To add a new model, you need to implement the following functions in the VLM Module:
Return the identifier of the model, such as "internvl", "qwen".
Return the model class of the model that is used to initialize in the GRPO Trainer. For "qwen", the model class is Qwen2_5_VLForConditionalGeneration or Qwen2VLForConditionalGeneration, and for "internvl", the model class is InternVLChatModel.
This function is called after the model and processor are initialized. You can do some post-processing here. Taking "internvl" as an example, we need to record the conv_template and num_image_token for later use, and set the img_context_token_id for the model.
Return whether the model accepts input_embedding as input while not input_ids when calling generate method.
Return the processing class of the model. For most models, AutoProcessor is typically used.
Return the keywords of the vision modules of the model. This is used to freeze the vision modules in the GRPO Trainer.
Besides input_ids and attention_mask, the model also accepts some distinct custom multimodal inputs for different VLMs when calling forward method, such as pixel_values and image_thw for "qwen", and pixel_values and image_flags for "internvl".

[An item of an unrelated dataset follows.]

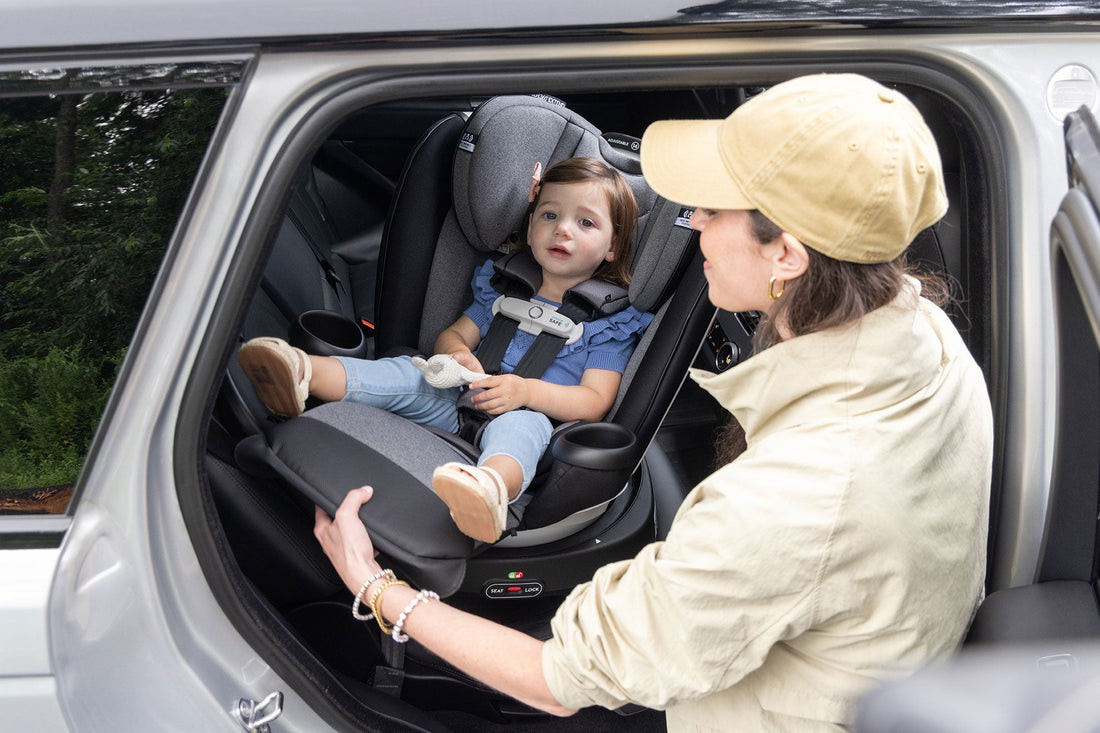 Ghế an toàn trẻ em xoay 360 độ hỗ trợ tư thế ngồi ngược chiều Rear-facing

There may be some parameters in the custom multimodal inputs that are not used in the generate method, such as image_flags for "internvl". You need to return them in the get_non_generate_params function.
Some models may have some specific parameters for the processing_class, such as max_pixels and min_pixels for "qwen", and max_anyres_num for "internvl". You need to return them in the get_custom_processing_keywords function.
This function is used to place the prompt into the chat template. Different models may have different processing methods, so you need to implement this function according to the model.
This function is used to process the image and prompt into the format that the model accepts. The returned value should be a dict with the following keys: input_ids, attention_mask, and the custom multimodal inputs.